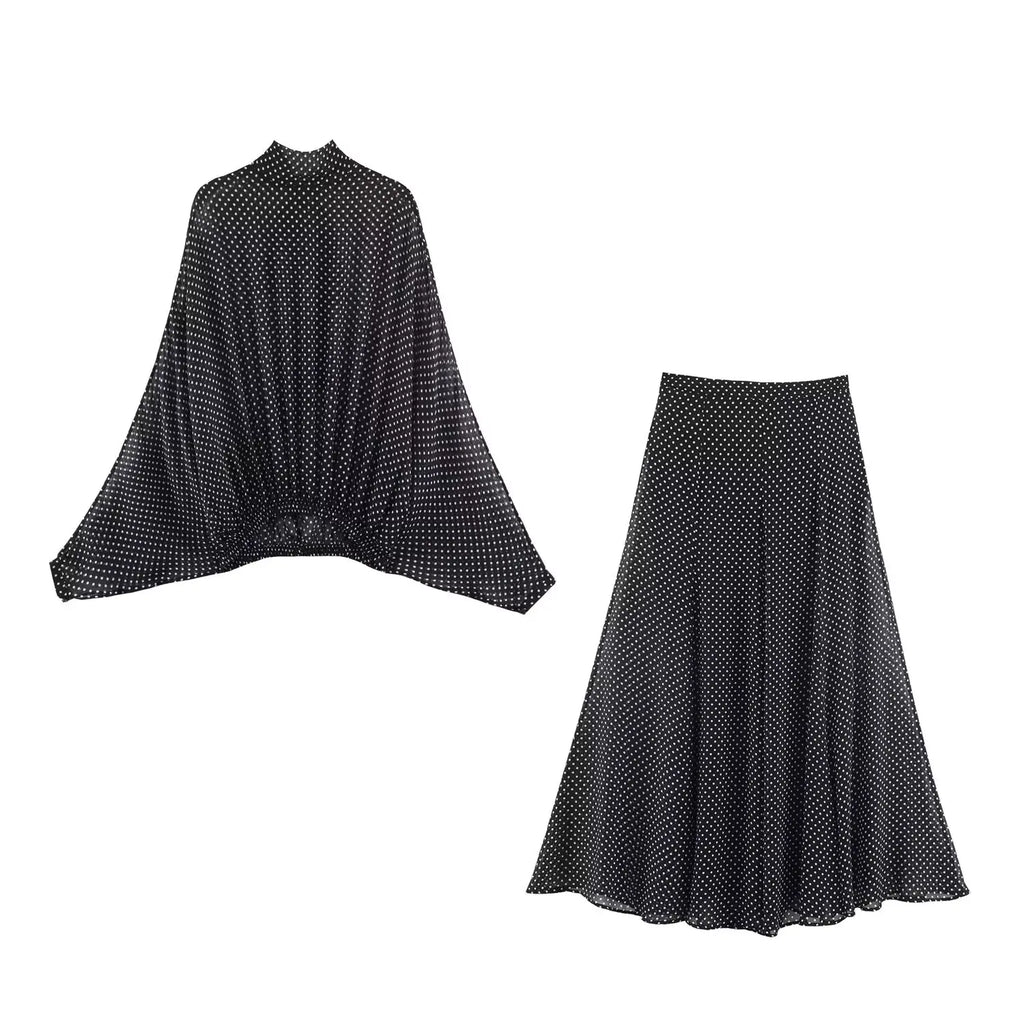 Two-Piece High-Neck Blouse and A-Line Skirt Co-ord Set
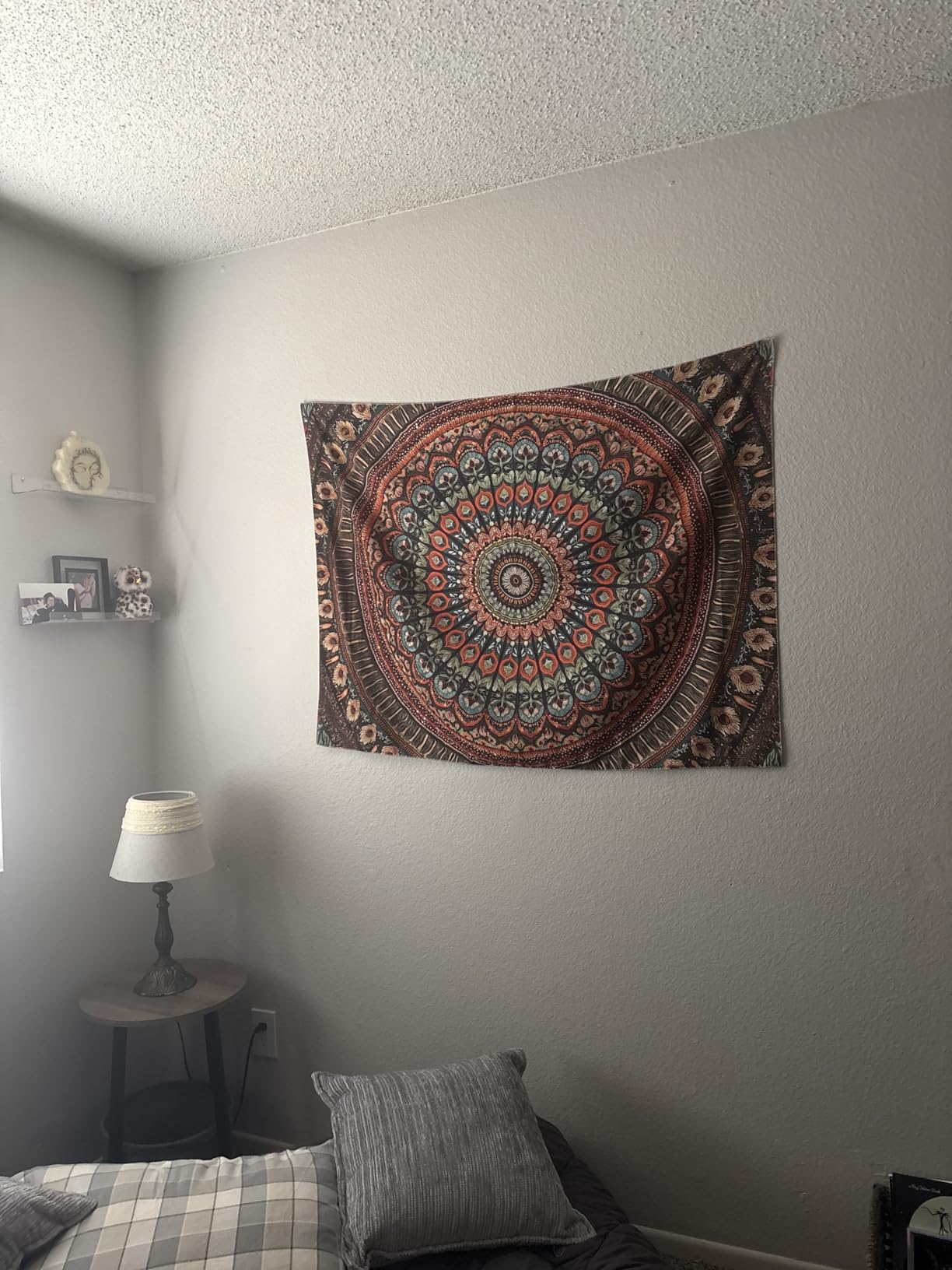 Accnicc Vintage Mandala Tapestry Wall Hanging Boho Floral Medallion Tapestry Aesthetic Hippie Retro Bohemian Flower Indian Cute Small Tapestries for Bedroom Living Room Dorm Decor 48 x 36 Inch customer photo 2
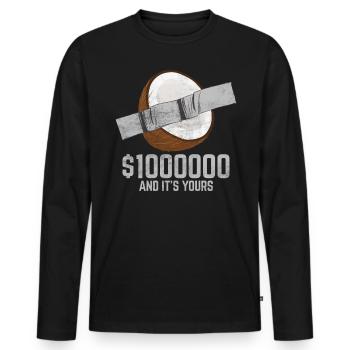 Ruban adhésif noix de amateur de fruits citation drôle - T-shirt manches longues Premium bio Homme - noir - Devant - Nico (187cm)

Task requirements
Pictures are not part of the copy; reproduce exactly and only the lines from the line containing "Accnicc Vintage Mandala" through the end of the listing.

Result of this task
 Accnicc Vintage Mandala Tapestry Wall Hanging Boho Floral Medallion Tapestry Aesthetic Hippie Retro Bohemian Flower Indian Cute Small Tapestries for Bedroom Living Room Dorm Decor 48 x 36 Inch customer photo 2
 Ruban adhésif noix de amateur de fruits citation drôle - T-shirt manches longues Premium bio Homme - noir - Devant - Nico (187cm)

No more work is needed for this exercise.